To protect a precious archaeological area that stretches around a church dating back to the fourth century AD, a group of Coptic monks from the Monastery of Saint Macarius have staged a resistance to a road-building project, going so far as to lie down in front of approaching bulldozers.
Breitbart The Egyptian government is moving forward on a project to build a road connecting the city of Fayoum to an oasis area, passing through the territory around the ancient Coptic Monastery of St. Macarius, home to dozens of monks. The project also threatens the water supply of the monastery and cultivated areas belonging to it.
To protest the building project, the monks have practiced nonviolent resistance, lying in the path of bulldozers working on the project. According to reports, workers approached the monastery lands shouting, “Allahu Akbar!”
The monastery is located in Wadi el-Natrun, the ancient Scetes, 57 miles southwest of Cairo, on the western side of the way of the wilderness toward Alexandria.
It was founded in 360 AD by St. Macarius the Egyptian, who was the spiritual father to more than four thousand monks of different nationalities—Egyptians, Greeks, Ethiopians, Armenians, Nubians, Asians, Palestinians, Italians, Gauls, and Spaniards.

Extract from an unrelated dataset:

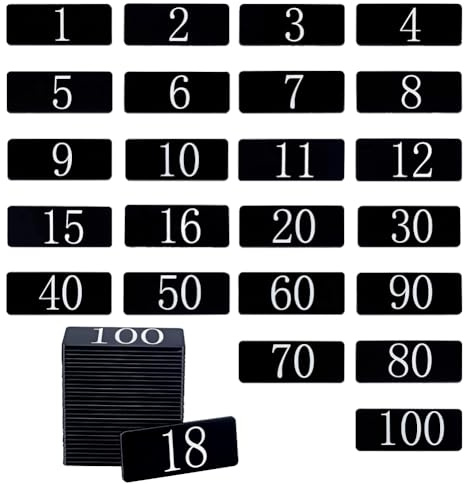 NBEADS 100 unidades de placas acrílicas numeradas para taquilla, placas numeradas, color negro, rectangulares, autoadhesivas, con números del 1 al 100 para taquilla, puerta, mesa, habitación, casa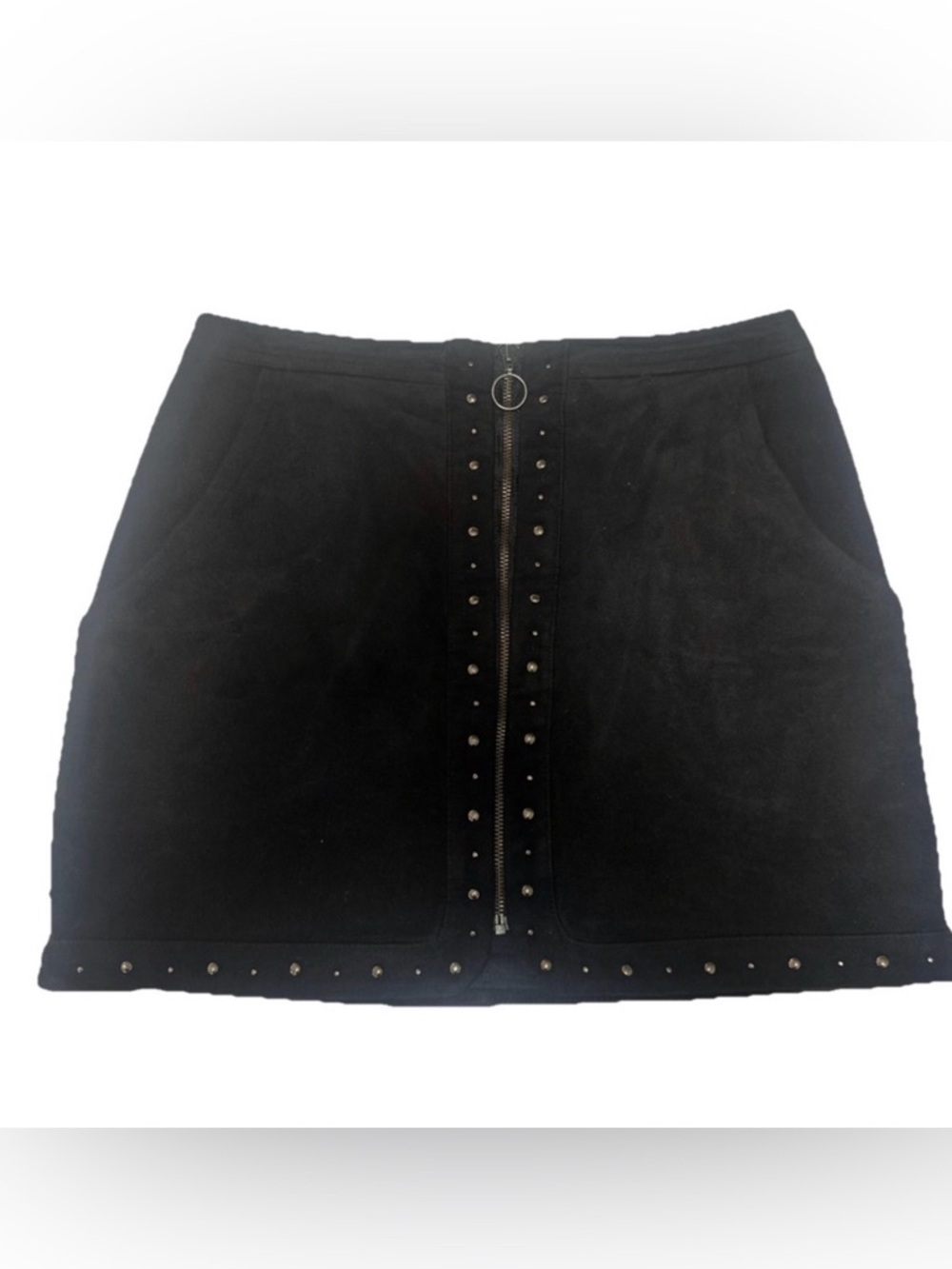 American Eagle Y2K Grunge Black Studded Mini Skirt Edgy Zip Front Punk Size 0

The monastery claims to be built on the site of the tombs of St. John the Baptist and the prophet Elisha, which were supposedly discovered below the northern wall of the church during a restoration. The monks claim that location of the crypts would find corroboration in manuscripts from the 11th and 16th centuries found in the library of the monastery.
This confrontation between the monks and the workers is just the latest incident in a long dispute which arose around the road project. The monks already submitted various alternative projects that would allow for the preservation of the historical and natural heritage threatened by the route of the new road.
The Coptic church has also established an ad hoc committee to encourage the search for alternative solutions, working together with the Ministry of Antiquities, which also expressed its opposition to the project and recommended full protection of the archaeological area.
The monastery has been continuously inhabited by monks since its construction in the fourth century.